▶ **WORK REQUIRED**
Return precisely the opening lines of the listing below, ending with the line that contains "Red Backless Bateau".

--------------------------------

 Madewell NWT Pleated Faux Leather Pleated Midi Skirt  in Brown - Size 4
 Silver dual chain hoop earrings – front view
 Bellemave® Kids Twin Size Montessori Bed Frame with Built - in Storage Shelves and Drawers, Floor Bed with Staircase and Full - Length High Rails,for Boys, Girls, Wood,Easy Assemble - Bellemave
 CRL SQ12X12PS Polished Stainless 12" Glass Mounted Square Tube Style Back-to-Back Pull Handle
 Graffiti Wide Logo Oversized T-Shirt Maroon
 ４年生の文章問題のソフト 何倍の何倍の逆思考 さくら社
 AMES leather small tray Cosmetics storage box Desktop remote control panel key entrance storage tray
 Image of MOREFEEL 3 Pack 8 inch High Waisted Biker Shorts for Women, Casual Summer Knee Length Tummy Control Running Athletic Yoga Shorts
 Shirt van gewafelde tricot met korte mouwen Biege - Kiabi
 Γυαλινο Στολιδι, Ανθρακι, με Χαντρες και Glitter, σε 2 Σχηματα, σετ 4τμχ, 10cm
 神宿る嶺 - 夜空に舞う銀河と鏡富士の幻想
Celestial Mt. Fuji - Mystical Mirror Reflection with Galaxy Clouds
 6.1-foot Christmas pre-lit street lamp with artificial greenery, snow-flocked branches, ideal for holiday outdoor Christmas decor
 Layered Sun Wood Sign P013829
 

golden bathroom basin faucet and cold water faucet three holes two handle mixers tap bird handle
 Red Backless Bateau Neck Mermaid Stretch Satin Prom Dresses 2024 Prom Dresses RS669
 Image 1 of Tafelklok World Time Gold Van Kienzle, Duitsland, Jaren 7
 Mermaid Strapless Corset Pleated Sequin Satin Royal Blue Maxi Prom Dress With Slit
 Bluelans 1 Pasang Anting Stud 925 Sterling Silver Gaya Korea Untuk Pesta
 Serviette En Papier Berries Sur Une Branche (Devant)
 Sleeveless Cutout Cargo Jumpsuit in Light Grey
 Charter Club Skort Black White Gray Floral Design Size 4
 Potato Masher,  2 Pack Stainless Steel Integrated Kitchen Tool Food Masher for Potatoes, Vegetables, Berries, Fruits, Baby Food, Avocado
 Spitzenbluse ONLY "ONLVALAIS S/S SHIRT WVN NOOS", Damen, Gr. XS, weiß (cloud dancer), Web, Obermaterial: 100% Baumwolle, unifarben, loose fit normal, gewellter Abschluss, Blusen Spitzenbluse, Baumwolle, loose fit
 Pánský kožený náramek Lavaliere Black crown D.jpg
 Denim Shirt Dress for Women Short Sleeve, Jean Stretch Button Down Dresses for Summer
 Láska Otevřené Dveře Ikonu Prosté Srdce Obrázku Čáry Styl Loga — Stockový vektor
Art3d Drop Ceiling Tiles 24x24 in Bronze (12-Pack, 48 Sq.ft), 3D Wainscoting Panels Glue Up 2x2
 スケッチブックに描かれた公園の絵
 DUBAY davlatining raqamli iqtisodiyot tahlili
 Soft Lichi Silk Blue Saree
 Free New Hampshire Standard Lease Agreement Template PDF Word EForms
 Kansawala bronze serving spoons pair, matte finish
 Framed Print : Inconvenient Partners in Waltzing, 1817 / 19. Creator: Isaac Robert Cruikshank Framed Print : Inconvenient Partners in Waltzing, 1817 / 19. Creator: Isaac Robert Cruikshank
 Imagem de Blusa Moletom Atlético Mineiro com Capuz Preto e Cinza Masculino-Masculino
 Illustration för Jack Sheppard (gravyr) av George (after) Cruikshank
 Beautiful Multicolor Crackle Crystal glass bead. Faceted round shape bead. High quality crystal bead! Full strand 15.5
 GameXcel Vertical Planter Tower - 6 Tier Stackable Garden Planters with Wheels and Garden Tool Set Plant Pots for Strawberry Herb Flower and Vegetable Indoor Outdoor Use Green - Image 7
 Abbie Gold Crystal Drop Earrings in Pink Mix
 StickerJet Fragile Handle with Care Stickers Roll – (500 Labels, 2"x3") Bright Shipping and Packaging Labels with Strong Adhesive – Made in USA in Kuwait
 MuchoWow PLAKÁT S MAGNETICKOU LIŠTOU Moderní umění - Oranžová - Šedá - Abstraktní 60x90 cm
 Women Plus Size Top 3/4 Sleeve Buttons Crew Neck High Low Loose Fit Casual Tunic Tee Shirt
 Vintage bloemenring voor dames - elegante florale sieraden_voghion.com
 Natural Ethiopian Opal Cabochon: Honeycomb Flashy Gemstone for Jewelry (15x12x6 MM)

--------------------------------

▶ **RESULT OF THIS TASK**
 Madewell NWT Pleated Faux Leather Pleated Midi Skirt  in Brown - Size 4
 Silver dual chain hoop earrings – front view
 Bellemave® Kids Twin Size Montessori Bed Frame with Built - in Storage Shelves and Drawers, Floor Bed with Staircase and Full - Length High Rails,for Boys, Girls, Wood,Easy Assemble - Bellemave
 CRL SQ12X12PS Polished Stainless 12" Glass Mounted Square Tube Style Back-to-Back Pull Handle
 Graffiti Wide Logo Oversized T-Shirt Maroon
 ４年生の文章問題のソフト 何倍の何倍の逆思考 さくら社
 AMES leather small tray Cosmetics storage box Desktop remote control panel key entrance storage tray
 Image of MOREFEEL 3 Pack 8 inch High Waisted Biker Shorts for Women, Casual Summer Knee Length Tummy Control Running Athletic Yoga Shorts
 Shirt van gewafelde tricot met korte mouwen Biege - Kiabi
 Γυαλινο Στολιδι, Ανθρακι, με Χαντρες και Glitter, σε 2 Σχηματα, σετ 4τμχ, 10cm
 神宿る嶺 - 夜空に舞う銀河と鏡富士の幻想
Celestial Mt. Fuji - Mystical Mirror Reflection with Galaxy Clouds
 6.1-foot Christmas pre-lit street lamp with artificial greenery, snow-flocked branches, ideal for holiday outdoor Christmas decor
 Layered Sun Wood Sign P013829
 

golden bathroom basin faucet and cold water faucet three holes two handle mixers tap bird handle
 Red Backless Bateau Neck Mermaid Stretch Satin Prom Dresses 2024 Prom Dresses RS669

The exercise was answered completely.